Porter wrote another editorial seven months later in which he asserted that, at its core, the suffrage movement was a rejection of the sacred responsibilities God had given to women. “[Suffragists] believe [God] made a mistake in restricting motherhood to women, and forbidding them the privilege of fatherhood,” Porter explained. The suffrage movement, Porter believed, reflected suffragists’ anger against God and the teachings in scripture. Porter also warned that some suffragists intended to destroy Christian homes and families. Porter believed it was clear that suffragists rejected motherhood because some supported the use of contraception. Others, he believed, wanted to dissolve the institution of marriage altogether. Porter closed this editorial with one of his most scathing attacks on suffragists, calling them “feminine demons” who were “pointing womankind to the path that leads to harlotry and to hell.”

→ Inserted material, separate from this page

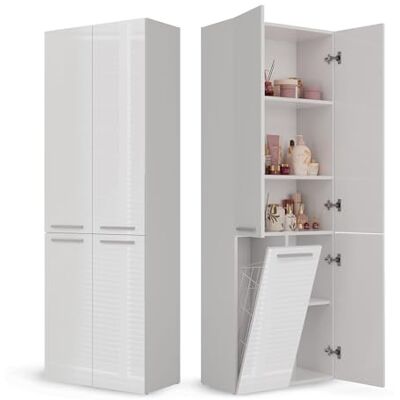CDF Badezimmerschrank Bad Schrank Mit Wäschekorb Weiß Glänzend Badschrank Mehrzweckschrank Badregal Stehend Hochschrank Schublade Tür Bodenschrank Allzweckschrank 1 Wäschekorb 174 x 60 x 30 CDF Badezimmerschrank Bad Schrank Mit Wäschekorb Weiß Glänzend Badschrank Mehrzweckschrank Badregal Stehend Hochschrank Schublade Tür Bodenschrank Allzweckschrank 1 Wäschekorb 174 x 60 x 30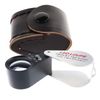10x Foldable Pocket Magnifier Loupe with UV and LED Light for Jewelry, Rocks, Coins, and Antiques - Illuminated Magnifying Tool for Eye, Stamps, Watches, Hobbies, and Gems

Which brings us back to Sojourner Truth. Adam may have been created before Eve, but no man had a part in the birth of Jesus Christ –He was the result of a union between God (the Holy Spirit) and the young Hebrew girl Mary.
Nice summary. Thank you. I have a couple observations.
1. This is another example of misuse of the Bible to promote self-interest just like some did on the issue of slavery.
2. We have had a number of women elected to the top governmental position in their countries, and the results seem to be pretty successful for the most part.